▸ **Work to complete**
Your reply should be only the number of lines in the records that contain the word "Picture".

▸ **Recorded data**

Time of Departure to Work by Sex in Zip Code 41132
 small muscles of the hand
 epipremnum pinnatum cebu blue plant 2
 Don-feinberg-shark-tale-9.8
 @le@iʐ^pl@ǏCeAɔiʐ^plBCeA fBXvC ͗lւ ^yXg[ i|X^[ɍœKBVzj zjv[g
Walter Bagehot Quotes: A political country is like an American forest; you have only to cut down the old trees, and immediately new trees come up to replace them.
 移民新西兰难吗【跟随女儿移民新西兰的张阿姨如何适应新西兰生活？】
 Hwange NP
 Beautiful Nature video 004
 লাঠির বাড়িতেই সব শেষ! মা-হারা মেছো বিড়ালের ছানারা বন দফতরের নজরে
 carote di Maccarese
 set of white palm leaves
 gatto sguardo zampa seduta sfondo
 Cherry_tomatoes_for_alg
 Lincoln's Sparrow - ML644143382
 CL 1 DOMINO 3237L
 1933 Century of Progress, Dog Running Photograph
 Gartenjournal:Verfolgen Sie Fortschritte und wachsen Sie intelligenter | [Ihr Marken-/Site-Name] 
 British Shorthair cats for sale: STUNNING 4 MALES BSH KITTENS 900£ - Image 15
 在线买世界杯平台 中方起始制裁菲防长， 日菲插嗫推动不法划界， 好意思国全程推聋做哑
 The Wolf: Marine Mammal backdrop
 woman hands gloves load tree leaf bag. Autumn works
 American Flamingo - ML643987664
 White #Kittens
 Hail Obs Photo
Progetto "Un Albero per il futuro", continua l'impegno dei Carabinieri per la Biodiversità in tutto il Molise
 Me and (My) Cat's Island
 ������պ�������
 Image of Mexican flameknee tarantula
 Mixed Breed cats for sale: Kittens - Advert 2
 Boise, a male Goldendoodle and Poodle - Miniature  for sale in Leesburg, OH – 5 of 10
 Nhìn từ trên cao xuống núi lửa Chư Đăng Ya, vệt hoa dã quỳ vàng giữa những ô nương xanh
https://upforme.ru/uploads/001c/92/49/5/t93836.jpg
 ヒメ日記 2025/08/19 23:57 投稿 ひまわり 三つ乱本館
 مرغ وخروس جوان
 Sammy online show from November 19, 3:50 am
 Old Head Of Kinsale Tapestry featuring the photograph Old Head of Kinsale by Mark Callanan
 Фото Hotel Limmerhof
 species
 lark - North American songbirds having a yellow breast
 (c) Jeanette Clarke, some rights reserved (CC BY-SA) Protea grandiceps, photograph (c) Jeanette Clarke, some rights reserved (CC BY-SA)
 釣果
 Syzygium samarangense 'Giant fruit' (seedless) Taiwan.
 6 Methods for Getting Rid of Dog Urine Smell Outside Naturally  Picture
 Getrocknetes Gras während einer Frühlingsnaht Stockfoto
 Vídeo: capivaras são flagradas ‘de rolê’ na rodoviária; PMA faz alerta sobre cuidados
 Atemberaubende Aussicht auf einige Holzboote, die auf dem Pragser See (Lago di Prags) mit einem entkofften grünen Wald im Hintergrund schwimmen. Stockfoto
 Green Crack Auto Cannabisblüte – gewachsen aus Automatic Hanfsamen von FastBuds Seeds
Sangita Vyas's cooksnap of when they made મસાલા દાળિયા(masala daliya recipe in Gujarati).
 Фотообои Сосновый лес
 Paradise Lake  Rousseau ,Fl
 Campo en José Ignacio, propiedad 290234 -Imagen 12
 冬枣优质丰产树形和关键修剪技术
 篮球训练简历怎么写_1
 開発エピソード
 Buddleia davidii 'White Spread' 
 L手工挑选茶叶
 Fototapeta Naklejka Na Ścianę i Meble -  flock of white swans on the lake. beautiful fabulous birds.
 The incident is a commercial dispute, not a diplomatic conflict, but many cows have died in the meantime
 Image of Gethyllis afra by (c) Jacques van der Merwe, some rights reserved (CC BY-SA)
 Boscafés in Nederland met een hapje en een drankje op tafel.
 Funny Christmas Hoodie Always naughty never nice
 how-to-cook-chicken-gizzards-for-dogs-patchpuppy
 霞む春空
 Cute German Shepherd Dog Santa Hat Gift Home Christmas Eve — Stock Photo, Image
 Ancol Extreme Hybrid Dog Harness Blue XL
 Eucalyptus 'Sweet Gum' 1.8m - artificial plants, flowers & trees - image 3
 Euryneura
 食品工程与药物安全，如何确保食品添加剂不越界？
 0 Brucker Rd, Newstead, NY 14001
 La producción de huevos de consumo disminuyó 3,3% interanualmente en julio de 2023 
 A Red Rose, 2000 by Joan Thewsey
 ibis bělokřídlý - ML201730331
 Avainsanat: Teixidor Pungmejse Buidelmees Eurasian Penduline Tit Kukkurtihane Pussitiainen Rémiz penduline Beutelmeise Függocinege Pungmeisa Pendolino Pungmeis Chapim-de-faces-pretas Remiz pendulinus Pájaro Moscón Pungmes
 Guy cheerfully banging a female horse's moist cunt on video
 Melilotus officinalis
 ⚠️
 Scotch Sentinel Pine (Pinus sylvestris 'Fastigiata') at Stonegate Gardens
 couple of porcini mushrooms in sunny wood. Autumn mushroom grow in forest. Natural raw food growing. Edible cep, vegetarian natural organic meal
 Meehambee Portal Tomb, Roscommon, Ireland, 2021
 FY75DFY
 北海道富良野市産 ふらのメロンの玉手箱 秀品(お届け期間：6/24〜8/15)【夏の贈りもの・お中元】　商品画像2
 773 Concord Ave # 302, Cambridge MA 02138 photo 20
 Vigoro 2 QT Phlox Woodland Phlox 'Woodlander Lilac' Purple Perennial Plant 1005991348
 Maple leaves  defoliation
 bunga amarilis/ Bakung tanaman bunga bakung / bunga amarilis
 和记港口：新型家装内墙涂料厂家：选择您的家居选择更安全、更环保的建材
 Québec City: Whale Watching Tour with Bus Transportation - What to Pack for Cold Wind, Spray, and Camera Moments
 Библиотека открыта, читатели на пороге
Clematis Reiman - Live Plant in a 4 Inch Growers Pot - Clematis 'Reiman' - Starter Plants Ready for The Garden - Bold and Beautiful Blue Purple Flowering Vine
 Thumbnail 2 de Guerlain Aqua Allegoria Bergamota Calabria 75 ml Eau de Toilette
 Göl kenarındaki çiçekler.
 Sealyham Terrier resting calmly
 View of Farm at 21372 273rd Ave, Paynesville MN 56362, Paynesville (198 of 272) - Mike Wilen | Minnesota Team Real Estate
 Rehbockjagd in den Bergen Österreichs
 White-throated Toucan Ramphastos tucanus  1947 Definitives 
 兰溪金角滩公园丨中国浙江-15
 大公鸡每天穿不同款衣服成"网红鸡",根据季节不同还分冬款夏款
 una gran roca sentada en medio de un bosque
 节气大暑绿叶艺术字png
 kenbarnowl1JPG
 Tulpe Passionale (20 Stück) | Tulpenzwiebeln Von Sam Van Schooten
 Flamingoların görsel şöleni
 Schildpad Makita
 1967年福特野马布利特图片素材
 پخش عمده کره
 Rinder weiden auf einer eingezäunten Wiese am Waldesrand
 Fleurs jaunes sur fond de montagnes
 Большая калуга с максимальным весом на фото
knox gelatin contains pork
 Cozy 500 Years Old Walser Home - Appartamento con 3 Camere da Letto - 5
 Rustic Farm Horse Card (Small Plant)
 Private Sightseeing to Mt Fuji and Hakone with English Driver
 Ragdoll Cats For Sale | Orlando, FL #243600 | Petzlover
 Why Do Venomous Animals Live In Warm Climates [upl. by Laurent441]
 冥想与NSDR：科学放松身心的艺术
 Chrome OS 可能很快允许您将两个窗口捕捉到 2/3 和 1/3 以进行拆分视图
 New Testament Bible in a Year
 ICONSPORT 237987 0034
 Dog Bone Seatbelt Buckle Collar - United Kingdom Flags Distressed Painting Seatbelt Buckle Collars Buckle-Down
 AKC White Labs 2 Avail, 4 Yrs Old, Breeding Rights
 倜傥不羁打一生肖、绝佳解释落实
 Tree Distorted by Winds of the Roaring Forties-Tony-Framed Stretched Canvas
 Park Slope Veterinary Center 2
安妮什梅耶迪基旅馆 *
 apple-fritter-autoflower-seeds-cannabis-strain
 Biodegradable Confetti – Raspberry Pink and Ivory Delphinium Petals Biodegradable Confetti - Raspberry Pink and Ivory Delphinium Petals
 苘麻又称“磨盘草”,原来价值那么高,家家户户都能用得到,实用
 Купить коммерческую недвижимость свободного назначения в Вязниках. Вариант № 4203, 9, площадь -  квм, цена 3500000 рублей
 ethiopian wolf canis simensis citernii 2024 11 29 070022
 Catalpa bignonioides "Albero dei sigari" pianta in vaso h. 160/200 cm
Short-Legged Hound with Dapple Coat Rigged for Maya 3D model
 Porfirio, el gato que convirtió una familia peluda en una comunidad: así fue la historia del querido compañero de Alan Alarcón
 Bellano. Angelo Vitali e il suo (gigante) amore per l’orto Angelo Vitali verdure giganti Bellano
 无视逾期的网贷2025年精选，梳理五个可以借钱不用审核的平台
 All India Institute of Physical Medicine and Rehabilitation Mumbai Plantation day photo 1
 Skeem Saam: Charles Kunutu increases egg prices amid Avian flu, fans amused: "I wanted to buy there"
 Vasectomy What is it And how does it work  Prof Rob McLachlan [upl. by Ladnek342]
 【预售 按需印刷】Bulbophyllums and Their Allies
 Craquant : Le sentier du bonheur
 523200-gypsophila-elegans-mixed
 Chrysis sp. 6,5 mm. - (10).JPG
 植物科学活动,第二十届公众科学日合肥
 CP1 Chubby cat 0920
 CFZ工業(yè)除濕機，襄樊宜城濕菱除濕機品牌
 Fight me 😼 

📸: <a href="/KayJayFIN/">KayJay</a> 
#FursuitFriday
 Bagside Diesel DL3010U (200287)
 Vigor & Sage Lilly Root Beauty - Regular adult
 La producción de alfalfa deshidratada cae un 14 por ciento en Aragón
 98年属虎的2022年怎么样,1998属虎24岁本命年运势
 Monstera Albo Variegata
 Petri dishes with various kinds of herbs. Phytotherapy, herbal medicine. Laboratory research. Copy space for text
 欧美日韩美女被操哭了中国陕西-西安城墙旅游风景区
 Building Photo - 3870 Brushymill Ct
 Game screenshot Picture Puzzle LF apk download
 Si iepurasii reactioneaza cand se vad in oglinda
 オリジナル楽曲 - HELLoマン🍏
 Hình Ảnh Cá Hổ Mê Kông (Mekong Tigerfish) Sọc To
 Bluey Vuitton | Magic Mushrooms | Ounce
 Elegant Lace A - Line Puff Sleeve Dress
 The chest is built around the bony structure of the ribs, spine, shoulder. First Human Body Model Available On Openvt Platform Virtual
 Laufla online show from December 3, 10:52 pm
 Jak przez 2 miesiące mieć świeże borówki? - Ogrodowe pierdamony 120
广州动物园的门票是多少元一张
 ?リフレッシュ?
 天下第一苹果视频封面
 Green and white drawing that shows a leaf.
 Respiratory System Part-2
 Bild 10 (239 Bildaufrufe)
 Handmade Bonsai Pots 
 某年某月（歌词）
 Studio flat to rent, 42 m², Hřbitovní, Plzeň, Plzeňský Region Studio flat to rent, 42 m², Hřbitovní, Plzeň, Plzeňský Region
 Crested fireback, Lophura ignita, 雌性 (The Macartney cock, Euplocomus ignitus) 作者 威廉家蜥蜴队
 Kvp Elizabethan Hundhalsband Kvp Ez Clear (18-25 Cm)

▸ **Response**
2